If you’ve decided to get divorced, you may be wondering what will happen to your property. Today we answer some fundamental questions surrounding property ownership and division in Illinois:
Can I sell my property?
If you and your spouse have decided to part ways, you can’t transfer ownership of your property to prevent your spouse from accessing it. From the moment you file for divorce, a stay goes into effect, which prohibits you from selling or giving away any of your property unless the court or your spouse explicitly agrees to it.
What is marital property?
In the eyes of the court, there are two types of property to be considered in the event of a divorce: marital and non-marital. Any non-marital property you have is yours to keep. For marital property, the court will decide how the property will be divvied up.

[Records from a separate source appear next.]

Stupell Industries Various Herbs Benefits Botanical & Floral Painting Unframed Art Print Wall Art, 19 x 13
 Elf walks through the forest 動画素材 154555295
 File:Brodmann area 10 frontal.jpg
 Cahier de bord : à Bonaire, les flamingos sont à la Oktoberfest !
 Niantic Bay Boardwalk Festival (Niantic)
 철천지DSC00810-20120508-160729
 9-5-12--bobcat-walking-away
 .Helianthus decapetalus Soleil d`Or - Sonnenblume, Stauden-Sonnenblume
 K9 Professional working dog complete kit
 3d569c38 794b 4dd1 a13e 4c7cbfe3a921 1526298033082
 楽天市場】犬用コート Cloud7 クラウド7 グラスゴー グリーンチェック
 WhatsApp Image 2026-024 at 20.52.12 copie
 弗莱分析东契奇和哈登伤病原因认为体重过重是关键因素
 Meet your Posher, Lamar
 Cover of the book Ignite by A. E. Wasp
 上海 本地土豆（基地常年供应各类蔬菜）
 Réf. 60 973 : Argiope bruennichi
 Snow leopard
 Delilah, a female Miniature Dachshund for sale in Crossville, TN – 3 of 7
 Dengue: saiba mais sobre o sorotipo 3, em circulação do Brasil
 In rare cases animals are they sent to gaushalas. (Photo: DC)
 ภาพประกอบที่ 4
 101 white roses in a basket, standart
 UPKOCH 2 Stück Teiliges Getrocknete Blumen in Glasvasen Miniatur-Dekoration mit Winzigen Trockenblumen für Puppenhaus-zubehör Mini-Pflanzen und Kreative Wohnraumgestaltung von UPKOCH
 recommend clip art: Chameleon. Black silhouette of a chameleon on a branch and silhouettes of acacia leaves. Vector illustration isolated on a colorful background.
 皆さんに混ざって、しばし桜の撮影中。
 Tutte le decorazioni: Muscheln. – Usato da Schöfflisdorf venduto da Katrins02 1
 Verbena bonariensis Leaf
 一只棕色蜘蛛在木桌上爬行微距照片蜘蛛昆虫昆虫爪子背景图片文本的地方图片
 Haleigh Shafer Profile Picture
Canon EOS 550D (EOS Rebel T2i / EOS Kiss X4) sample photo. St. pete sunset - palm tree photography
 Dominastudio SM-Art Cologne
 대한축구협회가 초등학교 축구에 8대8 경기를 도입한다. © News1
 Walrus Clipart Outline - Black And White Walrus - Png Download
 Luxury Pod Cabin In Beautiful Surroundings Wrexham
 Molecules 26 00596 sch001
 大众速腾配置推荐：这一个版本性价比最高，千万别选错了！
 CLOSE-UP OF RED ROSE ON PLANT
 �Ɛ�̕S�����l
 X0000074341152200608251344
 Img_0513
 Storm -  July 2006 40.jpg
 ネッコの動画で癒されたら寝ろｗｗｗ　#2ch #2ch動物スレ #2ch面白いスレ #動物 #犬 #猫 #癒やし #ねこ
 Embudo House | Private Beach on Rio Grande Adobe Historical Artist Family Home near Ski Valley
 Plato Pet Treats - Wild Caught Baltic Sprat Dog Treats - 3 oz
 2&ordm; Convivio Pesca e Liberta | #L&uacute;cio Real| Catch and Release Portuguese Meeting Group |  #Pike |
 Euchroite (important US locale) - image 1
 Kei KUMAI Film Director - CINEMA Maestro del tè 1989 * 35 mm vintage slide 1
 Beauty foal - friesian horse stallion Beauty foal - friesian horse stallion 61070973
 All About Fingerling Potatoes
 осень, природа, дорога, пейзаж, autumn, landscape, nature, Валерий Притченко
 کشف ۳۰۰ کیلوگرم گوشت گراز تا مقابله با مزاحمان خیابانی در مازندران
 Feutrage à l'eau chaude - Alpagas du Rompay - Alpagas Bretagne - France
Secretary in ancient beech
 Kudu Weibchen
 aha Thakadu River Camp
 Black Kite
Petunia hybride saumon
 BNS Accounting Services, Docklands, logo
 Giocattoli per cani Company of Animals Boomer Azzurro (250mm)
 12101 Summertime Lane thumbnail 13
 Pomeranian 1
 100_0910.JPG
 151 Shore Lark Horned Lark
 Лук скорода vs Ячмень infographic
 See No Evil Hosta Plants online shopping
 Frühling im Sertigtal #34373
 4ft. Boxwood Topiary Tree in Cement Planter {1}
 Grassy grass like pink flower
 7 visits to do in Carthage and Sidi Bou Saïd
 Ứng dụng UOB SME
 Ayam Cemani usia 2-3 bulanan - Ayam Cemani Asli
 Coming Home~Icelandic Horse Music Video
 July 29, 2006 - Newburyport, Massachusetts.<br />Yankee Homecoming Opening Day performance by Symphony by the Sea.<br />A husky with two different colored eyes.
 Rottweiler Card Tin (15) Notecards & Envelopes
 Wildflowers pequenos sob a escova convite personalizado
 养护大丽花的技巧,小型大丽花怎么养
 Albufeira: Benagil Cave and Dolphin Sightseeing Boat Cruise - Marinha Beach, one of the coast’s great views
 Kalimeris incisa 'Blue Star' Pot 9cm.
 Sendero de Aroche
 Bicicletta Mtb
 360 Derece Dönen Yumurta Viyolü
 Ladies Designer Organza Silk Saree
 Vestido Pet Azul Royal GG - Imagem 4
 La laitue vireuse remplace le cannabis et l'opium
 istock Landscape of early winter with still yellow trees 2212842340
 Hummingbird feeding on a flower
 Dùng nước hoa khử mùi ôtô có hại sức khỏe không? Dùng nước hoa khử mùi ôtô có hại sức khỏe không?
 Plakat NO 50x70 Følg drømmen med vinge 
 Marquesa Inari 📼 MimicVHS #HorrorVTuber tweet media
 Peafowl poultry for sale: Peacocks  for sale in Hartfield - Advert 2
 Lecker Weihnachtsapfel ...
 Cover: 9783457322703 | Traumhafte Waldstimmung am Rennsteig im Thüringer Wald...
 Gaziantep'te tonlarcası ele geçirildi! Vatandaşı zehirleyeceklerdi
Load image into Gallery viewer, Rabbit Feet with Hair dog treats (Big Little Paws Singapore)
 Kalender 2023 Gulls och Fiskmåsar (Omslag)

As a general rule, any property acquired while a couple was married is considered marital property—and both parties may have a claim to it in a divorce. Documentation indicating ownership by one party doesn’t make the property non-marital. It doesn’t matter if your beloved Porsche GT3 only has your name on the tile, and you’re the only one who drives it. If you bought it while you were married, your spouse could have a claim to it.
How is marital property divided?
In Illinois, property isn’t necessarily divided down the middle, 50-50. Instead, it’s divided in whatever way the court deems fair. The court considers outside factors in deciding what property division arrangement is equitable. It may consider, for example, how long you were married or the individual economic circumstances of each spouse.
Property division is just one subject that can lead to stress and anxiety in a divorce. It can make you feel like you don’t have much control over your future. For this reason, it’s important to have an experienced divorce attorney to advocate on your behalf.